▶ _Work instruction_
Give back the data in full, with every line exact.

(Caption-style text data)
_ _ _
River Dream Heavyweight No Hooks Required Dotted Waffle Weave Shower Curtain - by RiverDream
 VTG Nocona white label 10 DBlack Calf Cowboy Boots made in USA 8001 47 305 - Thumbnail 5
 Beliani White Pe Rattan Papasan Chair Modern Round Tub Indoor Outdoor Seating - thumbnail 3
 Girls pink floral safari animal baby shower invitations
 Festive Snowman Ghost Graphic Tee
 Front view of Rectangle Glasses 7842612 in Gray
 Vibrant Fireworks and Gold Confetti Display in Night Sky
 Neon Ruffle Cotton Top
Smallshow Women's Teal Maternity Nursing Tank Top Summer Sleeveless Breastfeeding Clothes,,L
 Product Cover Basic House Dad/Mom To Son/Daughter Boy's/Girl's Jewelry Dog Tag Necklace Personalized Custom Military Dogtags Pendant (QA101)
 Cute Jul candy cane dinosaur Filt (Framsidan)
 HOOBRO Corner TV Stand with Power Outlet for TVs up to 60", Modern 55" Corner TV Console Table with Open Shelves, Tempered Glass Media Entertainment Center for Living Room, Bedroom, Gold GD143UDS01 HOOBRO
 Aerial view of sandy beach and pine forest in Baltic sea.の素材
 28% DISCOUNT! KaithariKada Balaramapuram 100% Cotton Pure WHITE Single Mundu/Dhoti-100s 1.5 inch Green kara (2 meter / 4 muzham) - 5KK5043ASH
_ _ _
▶ _Exercise solution_
River Dream Heavyweight No Hooks Required Dotted Waffle Weave Shower Curtain - by RiverDream
 VTG Nocona white label 10 DBlack Calf Cowboy Boots made in USA 8001 47 305 - Thumbnail 5
 Beliani White Pe Rattan Papasan Chair Modern Round Tub Indoor Outdoor Seating - thumbnail 3
 Girls pink floral safari animal baby shower invitations
 Festive Snowman Ghost Graphic Tee
 Front view of Rectangle Glasses 7842612 in Gray
 Vibrant Fireworks and Gold Confetti Display in Night Sky
 Neon Ruffle Cotton Top
Smallshow Women's Teal Maternity Nursing Tank Top Summer Sleeveless Breastfeeding Clothes,,L
 Product Cover Basic House Dad/Mom To Son/Daughter Boy's/Girl's Jewelry Dog Tag Necklace Personalized Custom Military Dogtags Pendant (QA101)
 Cute Jul candy cane dinosaur Filt (Framsidan)
 HOOBRO Corner TV Stand with Power Outlet for TVs up to 60", Modern 55" Corner TV Console Table with Open Shelves, Tempered Glass Media Entertainment Center for Living Room, Bedroom, Gold GD143UDS01 HOOBRO
 Aerial view of sandy beach and pine forest in Baltic sea.の素材
 28% DISCOUNT! KaithariKada Balaramapuram 100% Cotton Pure WHITE Single Mundu/Dhoti-100s 1.5 inch Green kara (2 meter / 4 muzham) - 5KK5043ASH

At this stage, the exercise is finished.